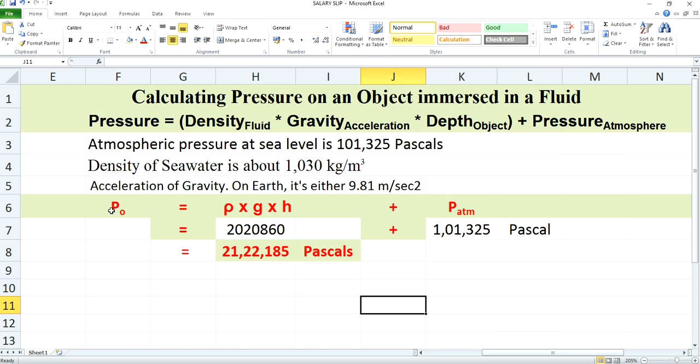Pressure increases with depth, and by knowing the depth, acceleration due to gravity, and density of the medium in which the object is immersed, you will be able to find out the pressure acting on a particular object exerted by that fluid medium. That's it for today. Hope you all enjoyed this video session. I'll keep uploading more videos, and if you find it informative, please like, share, and subscribe to my channel. Thank you so much for watching.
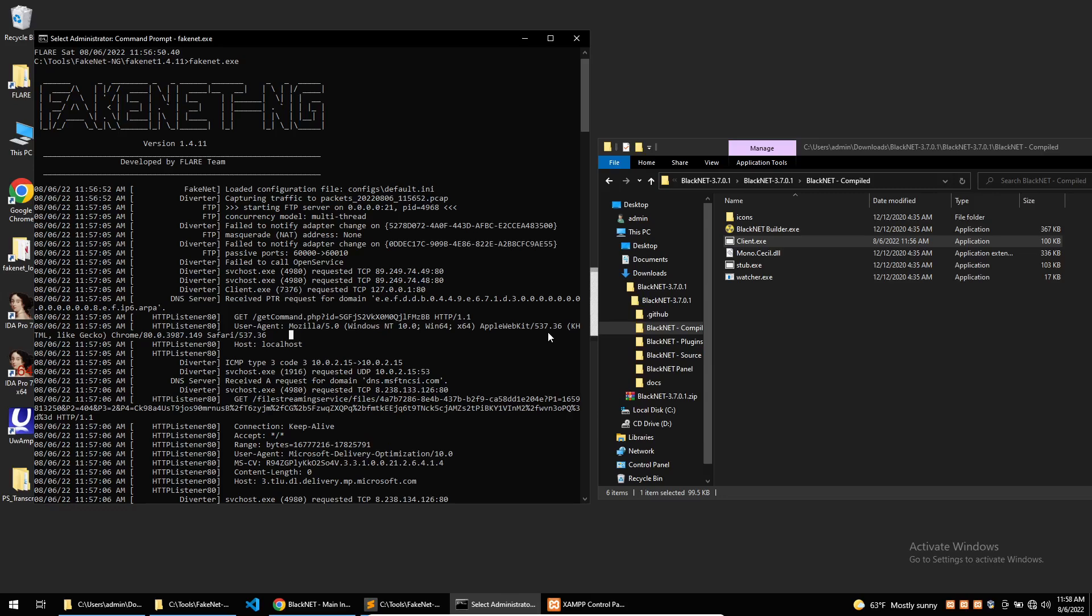A reverser could leverage this to set a breakpoint on the message box function and then trace back to where it was called to easily reverse the malware or execute different functions to further analyze them. I hope this was a good introduction to the FakeNet tool and how to emulate C2s. It's a good skill to have when dealing with malware that connects outside of the network.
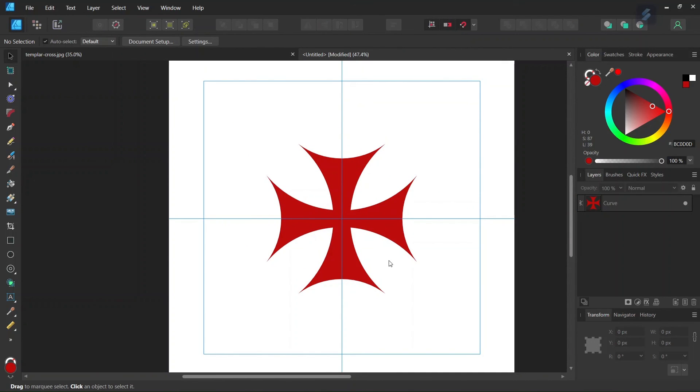So you learned how to draw the Knights Templar cross in Affinity Designer. I hope you've enjoyed this tutorial. If you did, don't forget to like and subscribe for more Affinity Designer tutorials in the future. Until then, see you next time!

:: Aim of the exercise ::
Write the material out again exactly as it appears, dropping the pictures.

:: Answer for this exercise ::
Pressure increases with depth, and by knowing the depth, acceleration due to gravity, and density of the medium in which the object is immersed, you will be able to find out the pressure acting on a particular object exerted by that fluid medium. That's it for today. Hope you all enjoyed this video session. I'll keep uploading more videos, and if you find it informative, please like, share, and subscribe to my channel. Thank you so much for watching.
A reverser could leverage this to set a breakpoint on the message box function and then trace back to where it was called to easily reverse the malware or execute different functions to further analyze them. I hope this was a good introduction to the FakeNet tool and how to emulate C2s. It's a good skill to have when dealing with malware that connects outside of the network.
So you learned how to draw the Knights Templar cross in Affinity Designer. I hope you've enjoyed this tutorial. If you did, don't forget to like and subscribe for more Affinity Designer tutorials in the future. Until then, see you next time!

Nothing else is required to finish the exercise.